Extracted material START
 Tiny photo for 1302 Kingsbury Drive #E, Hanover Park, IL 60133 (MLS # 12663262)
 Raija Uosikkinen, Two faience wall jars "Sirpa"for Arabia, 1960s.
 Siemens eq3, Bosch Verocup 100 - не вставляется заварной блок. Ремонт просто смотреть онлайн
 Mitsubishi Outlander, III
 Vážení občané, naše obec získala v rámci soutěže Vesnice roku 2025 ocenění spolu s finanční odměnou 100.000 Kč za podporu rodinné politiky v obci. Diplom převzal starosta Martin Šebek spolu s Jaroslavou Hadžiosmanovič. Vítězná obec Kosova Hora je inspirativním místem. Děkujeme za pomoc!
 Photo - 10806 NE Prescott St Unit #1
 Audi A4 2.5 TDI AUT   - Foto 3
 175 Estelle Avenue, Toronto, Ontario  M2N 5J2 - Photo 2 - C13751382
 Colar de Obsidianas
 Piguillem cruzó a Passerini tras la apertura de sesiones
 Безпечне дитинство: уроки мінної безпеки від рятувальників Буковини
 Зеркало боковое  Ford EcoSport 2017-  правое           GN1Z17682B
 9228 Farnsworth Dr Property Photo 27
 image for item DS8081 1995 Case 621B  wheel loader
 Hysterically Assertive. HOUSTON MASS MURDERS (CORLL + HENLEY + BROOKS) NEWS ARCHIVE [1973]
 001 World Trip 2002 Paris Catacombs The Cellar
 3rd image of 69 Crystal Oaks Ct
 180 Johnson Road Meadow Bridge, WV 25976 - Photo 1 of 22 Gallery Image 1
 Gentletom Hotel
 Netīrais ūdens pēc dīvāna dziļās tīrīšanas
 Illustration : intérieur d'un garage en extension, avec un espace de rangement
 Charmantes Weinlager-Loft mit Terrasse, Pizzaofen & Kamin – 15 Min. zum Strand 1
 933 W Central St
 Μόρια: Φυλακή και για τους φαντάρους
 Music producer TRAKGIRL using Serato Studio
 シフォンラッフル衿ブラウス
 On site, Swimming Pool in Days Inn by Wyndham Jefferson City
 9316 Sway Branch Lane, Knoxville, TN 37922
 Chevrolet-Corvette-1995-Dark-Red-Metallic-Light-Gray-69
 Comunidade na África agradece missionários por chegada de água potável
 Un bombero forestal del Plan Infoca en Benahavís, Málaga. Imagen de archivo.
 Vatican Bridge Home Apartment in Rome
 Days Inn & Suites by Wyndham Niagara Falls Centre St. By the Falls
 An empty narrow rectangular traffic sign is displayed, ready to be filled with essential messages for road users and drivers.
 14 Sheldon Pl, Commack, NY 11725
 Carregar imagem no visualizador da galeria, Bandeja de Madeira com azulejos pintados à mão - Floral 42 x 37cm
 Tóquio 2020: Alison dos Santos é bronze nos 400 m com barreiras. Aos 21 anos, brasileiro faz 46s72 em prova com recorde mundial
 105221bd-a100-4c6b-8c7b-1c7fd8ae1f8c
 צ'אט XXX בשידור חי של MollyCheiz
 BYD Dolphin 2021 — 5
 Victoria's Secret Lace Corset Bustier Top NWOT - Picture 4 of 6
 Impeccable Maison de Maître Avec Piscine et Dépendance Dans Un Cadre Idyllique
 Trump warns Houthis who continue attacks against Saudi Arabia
Extracted material END
Your instructions >> Out of the data above, give again only the lines starting at the one holding "Hysterically Assertive. HOUSTON" and ending at the one holding "Gentletom Hotel", unchanged.

Response for this exercise >>
 Hysterically Assertive. HOUSTON MASS MURDERS (CORLL + HENLEY + BROOKS) NEWS ARCHIVE [1973]
 001 World Trip 2002 Paris Catacombs The Cellar
 3rd image of 69 Crystal Oaks Ct
 180 Johnson Road Meadow Bridge, WV 25976 - Photo 1 of 22 Gallery Image 1
 Gentletom Hotel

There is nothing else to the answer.